* _Action item_
When the line containing "Obraz Close up" appears in the entries below, begin printing there and stop after the line containing "Geschnittene Aprikose-Mürbeteig mit"; print each of those lines exactly and no other line.

* _Input data_
___

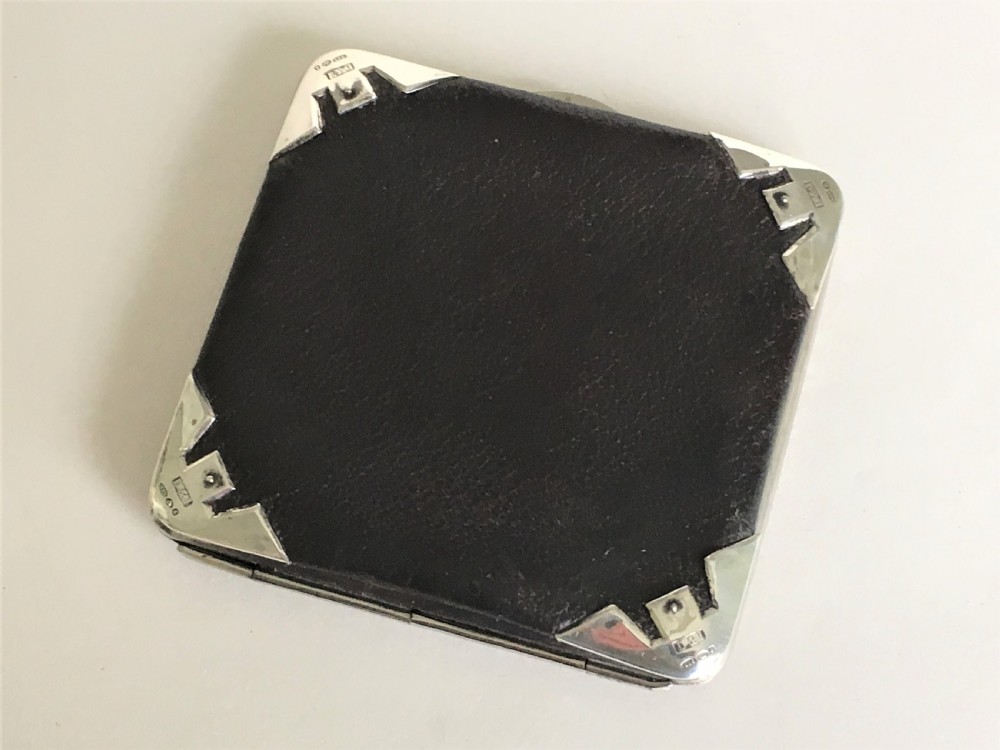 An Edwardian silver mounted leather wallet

___

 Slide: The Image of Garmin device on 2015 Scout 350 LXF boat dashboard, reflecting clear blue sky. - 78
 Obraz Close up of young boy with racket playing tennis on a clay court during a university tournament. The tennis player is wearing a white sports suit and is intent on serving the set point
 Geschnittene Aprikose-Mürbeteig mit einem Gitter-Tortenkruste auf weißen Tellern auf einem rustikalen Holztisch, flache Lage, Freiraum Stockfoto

___

* _Response area_
 Obraz Close up of young boy with racket playing tennis on a clay court during a university tournament. The tennis player is wearing a white sports suit and is intent on serving the set point
 Geschnittene Aprikose-Mürbeteig mit einem Gitter-Tortenkruste auf weißen Tellern auf einem rustikalen Holztisch, flache Lage, Freiraum Stockfoto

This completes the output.